Science continues to gather more information about COVID19, and data changes. That's why the CDC didn't recommend a mask in the first 30 days. They didn't know that COVID19 was transmitted by airborne particles (it could have just been by touch), but Science Learned. So people who go back to that simply can't learn. That's like learning the first letter of the alphabet and refusing to learn the rest of them. So, as this article points out, we've learned that teenagers can be super-spreaders of COVID19. Here's the story> How a 13-year-old spread COVID-19 to 11 relatives in four states
By Kenneth Chang, New York Times Service
October 6, 2020
Adolescents who contract COVID-19 usually do not get as sick as adults and often experience few if any symptoms, but they can spread the novel coronavirus that causes the disease to others.
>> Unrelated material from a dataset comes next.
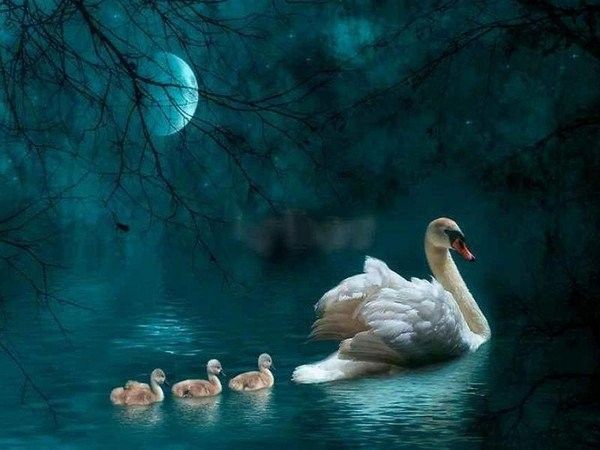 maman cygne et ses petits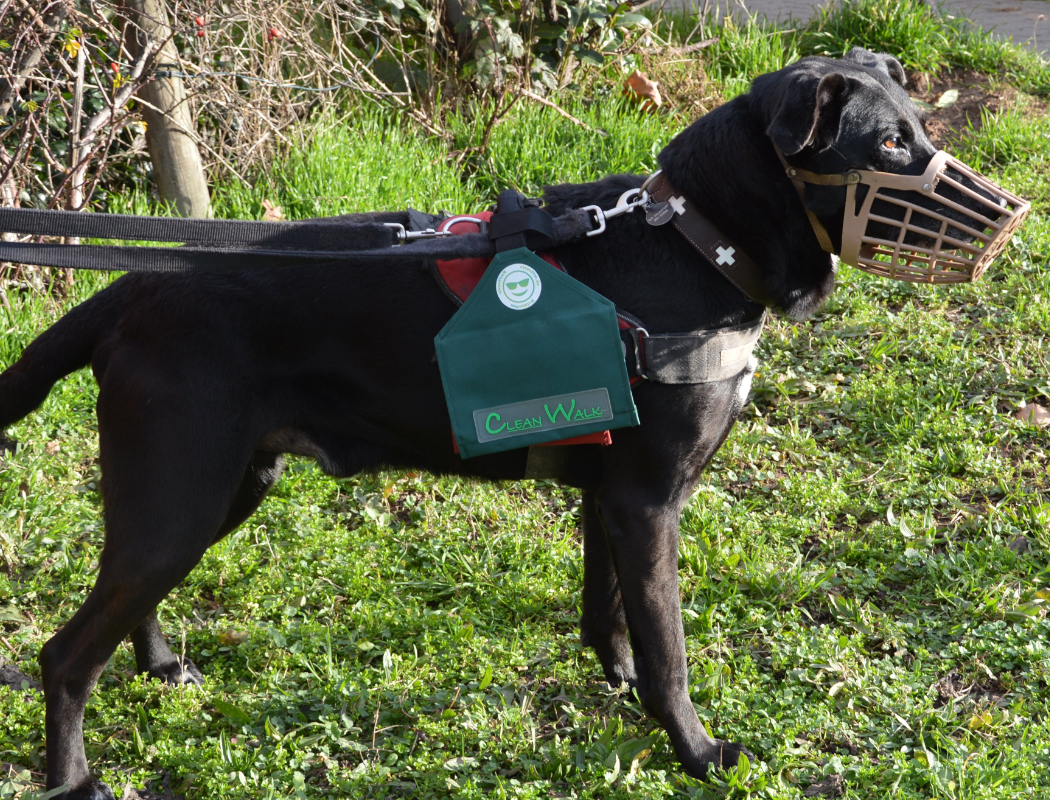Tierheimhund mit Cleanwalk Tasche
Scientists from the Centers for Disease Control and Prevention and the health departments of four states — Georgia, Illinois, Massachusetts and Rhode Island — described a 13-year-old girl who became infected with the coronavirus just before a three-week family gathering. Eleven other relatives, including her mother, her father, two brothers and two grandparents, also became infected.
“This outbreak highlights several important issues,” wrote the authors, led by Dr. Noah G. Schwartz of the CDC, in the article, which was published Monday. “First, children and adolescents can serve as the source for COVID-19 outbreaks within families, even when their symptoms are mild.”
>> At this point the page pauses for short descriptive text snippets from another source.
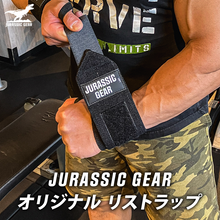 画像をギャラリービューアに読み込む, JURASSIC GEAR BASIC SET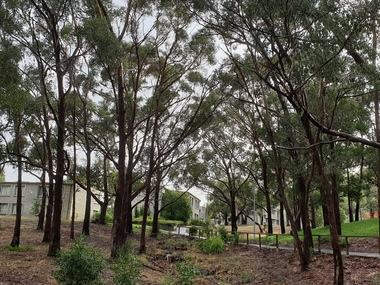 Photograph - Colour, Bella Guerin Student Residences on Mt Helen Campus, 2019, 11/05/2019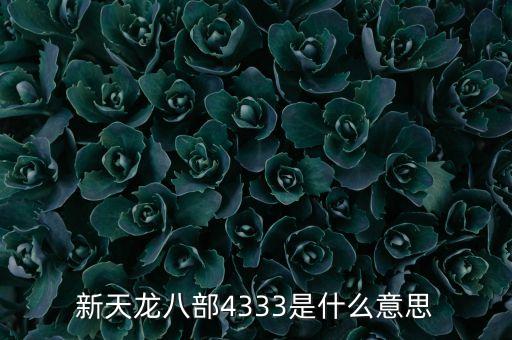 4333，天龍4333具體是什么意思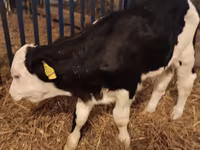 Ցուլ, Simmental cattle — լուսանկար 4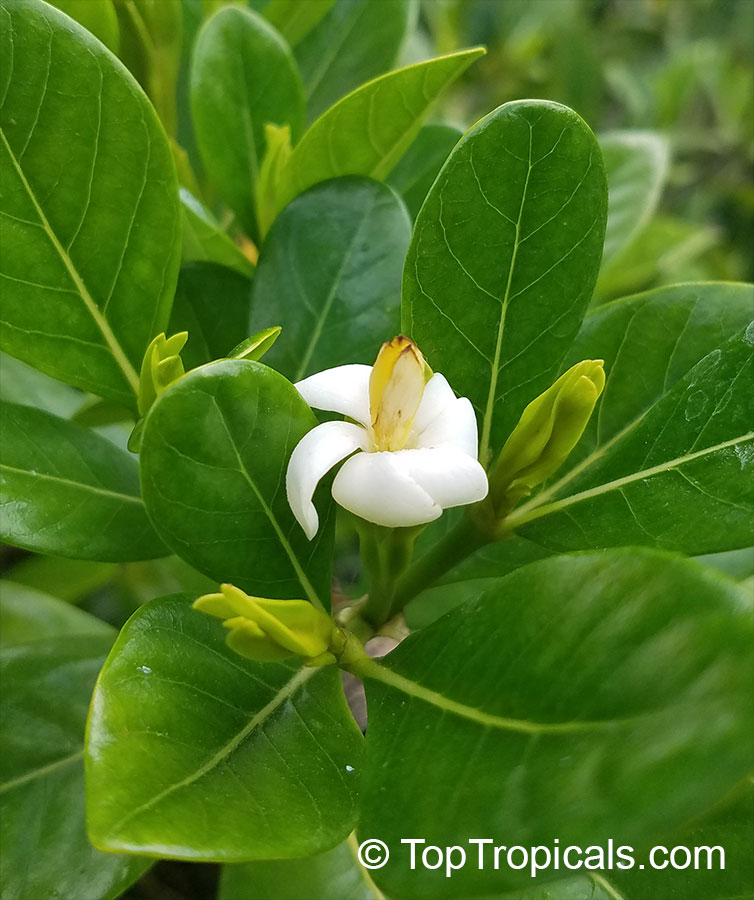 Gardenia taitensis Nana, Dwarf Tahitian Gardenia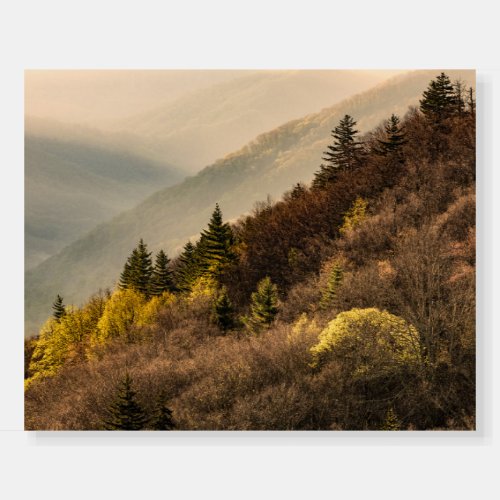 Oconaluftee Valley Overlook  North Carolina Foam Board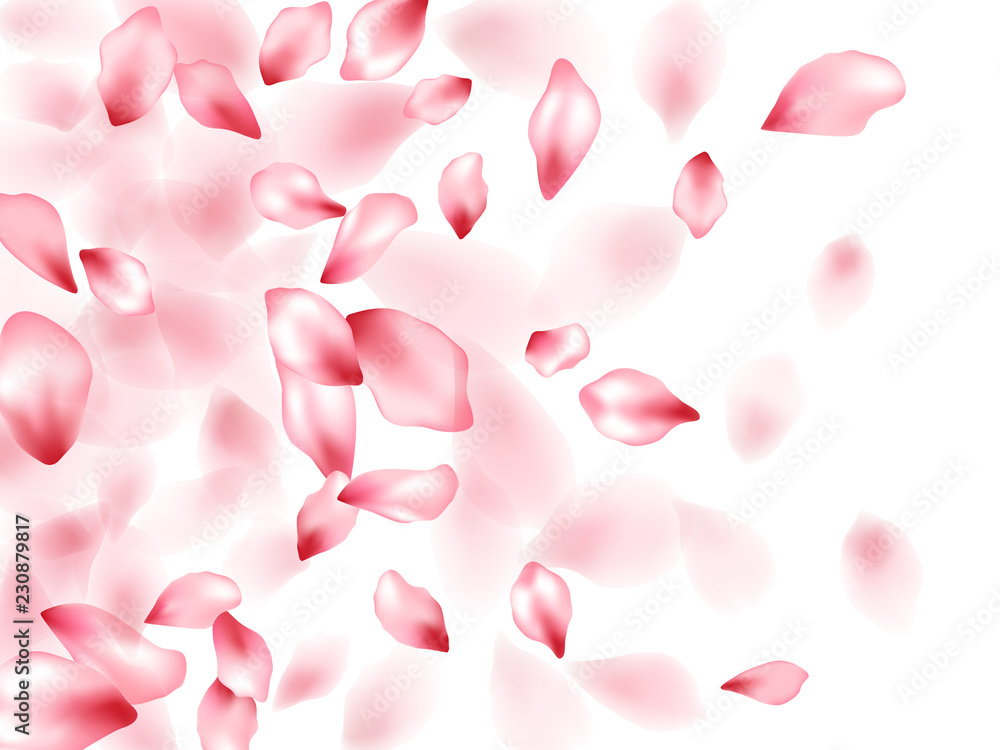Pink sakura flower flying petals isolated on white vector background. Pink sakura flower flying petals isolated on white vector background.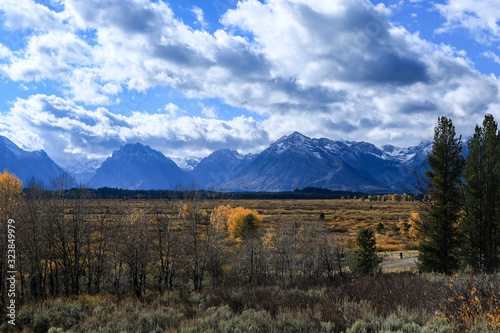Beautiful landscapes of the Forest in Grand Teton National Park, Arizona, USA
The finding, which appeared in the CDC’s Morbidity and Mortality Weekly Report, may also fit with claims that teenagers are more likely become infected and spread the virus than younger children.
“This doesn’t necessarily mean that all 13-year-olds can cause outbreaks like this,” said William Hanage, a professor of epidemiology at the Harvard T.H. Chan School of Public Health who was not involved with the research. “But it does mean that some 13-year-olds can.”
The potential for children to transmit the disease is “now pretty much established,” Hanage said.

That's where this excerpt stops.